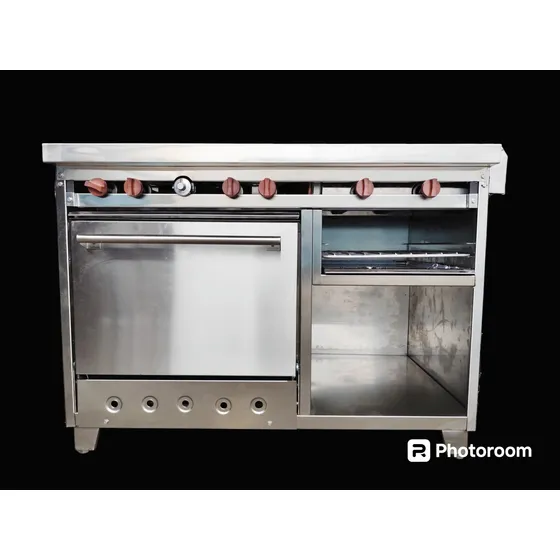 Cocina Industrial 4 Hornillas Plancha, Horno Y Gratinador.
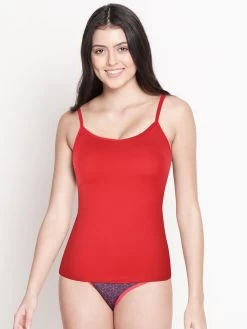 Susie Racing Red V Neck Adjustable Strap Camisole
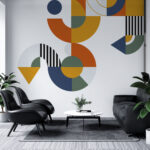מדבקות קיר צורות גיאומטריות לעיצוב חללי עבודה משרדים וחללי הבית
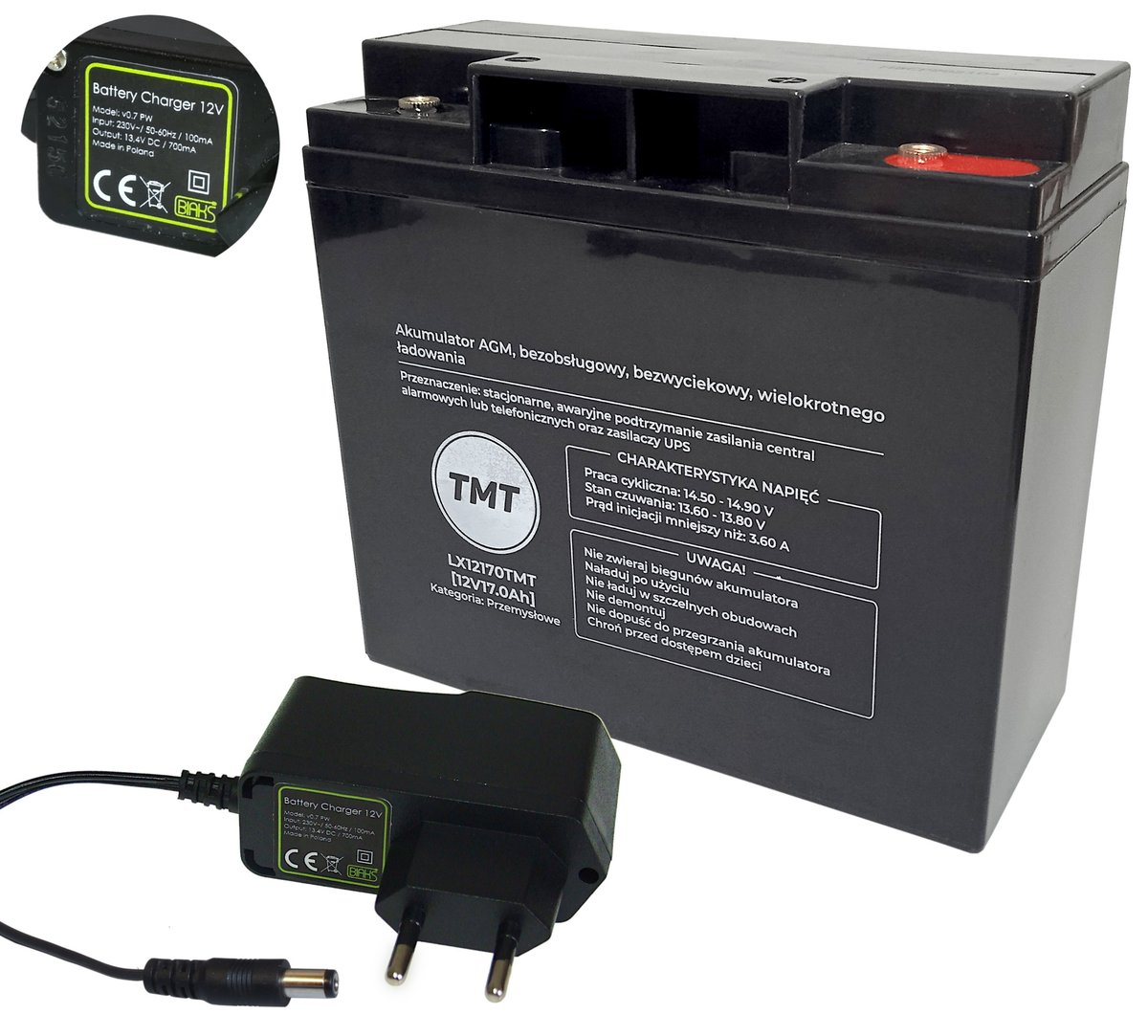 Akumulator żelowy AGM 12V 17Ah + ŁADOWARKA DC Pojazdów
******************************
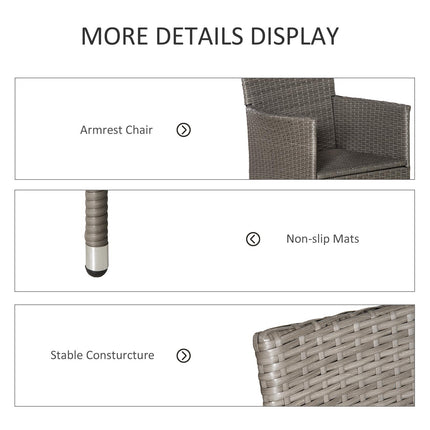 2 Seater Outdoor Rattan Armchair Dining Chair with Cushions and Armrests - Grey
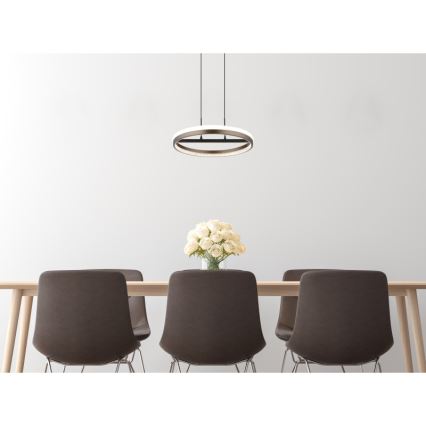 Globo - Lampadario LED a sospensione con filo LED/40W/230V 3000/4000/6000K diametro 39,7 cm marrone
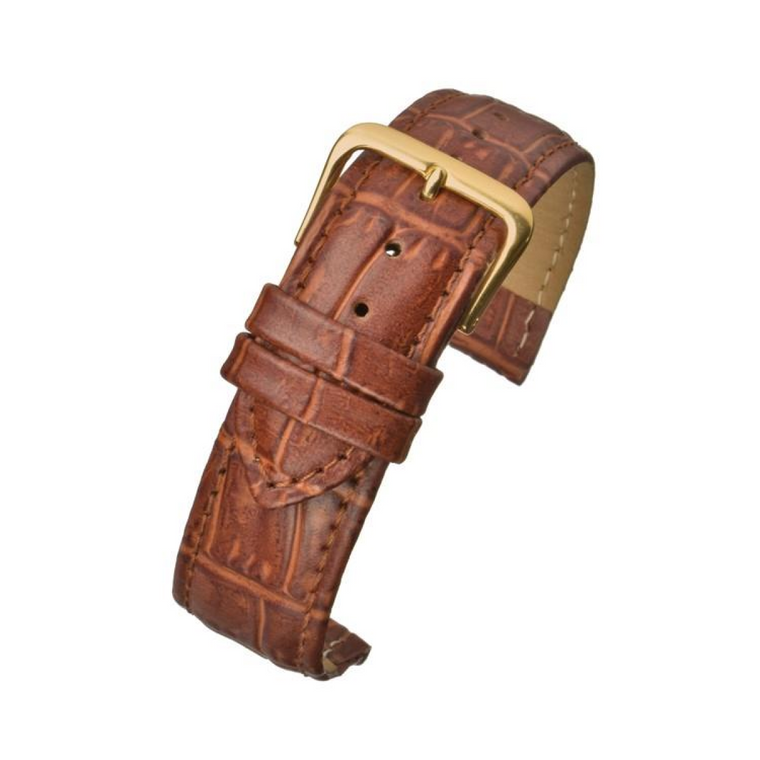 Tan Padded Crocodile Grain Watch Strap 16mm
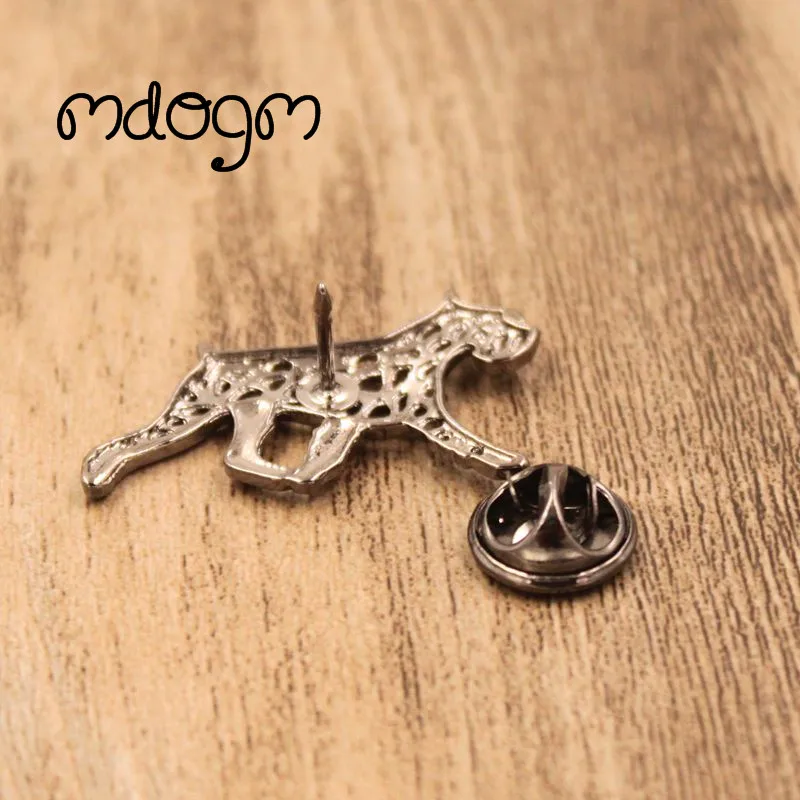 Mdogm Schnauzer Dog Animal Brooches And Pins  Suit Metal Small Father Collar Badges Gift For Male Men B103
******************************
# Aim of the task:
When you reach the line containing "Cocina Industrial 4" in the entries above, begin restating word for word, and stop once the line containing "Akumulator żelowy AGM" has been given. Omit the pictures.

# Final answer:
 Cocina Industrial 4 Hornillas Plancha, Horno Y Gratinador.
 Susie Racing Red V Neck Adjustable Strap Camisole
מדבקות קיר צורות גיאומטריות לעיצוב חללי עבודה משרדים וחללי הבית
 Akumulator żelowy AGM 12V 17Ah + ŁADOWARKA DC Pojazdów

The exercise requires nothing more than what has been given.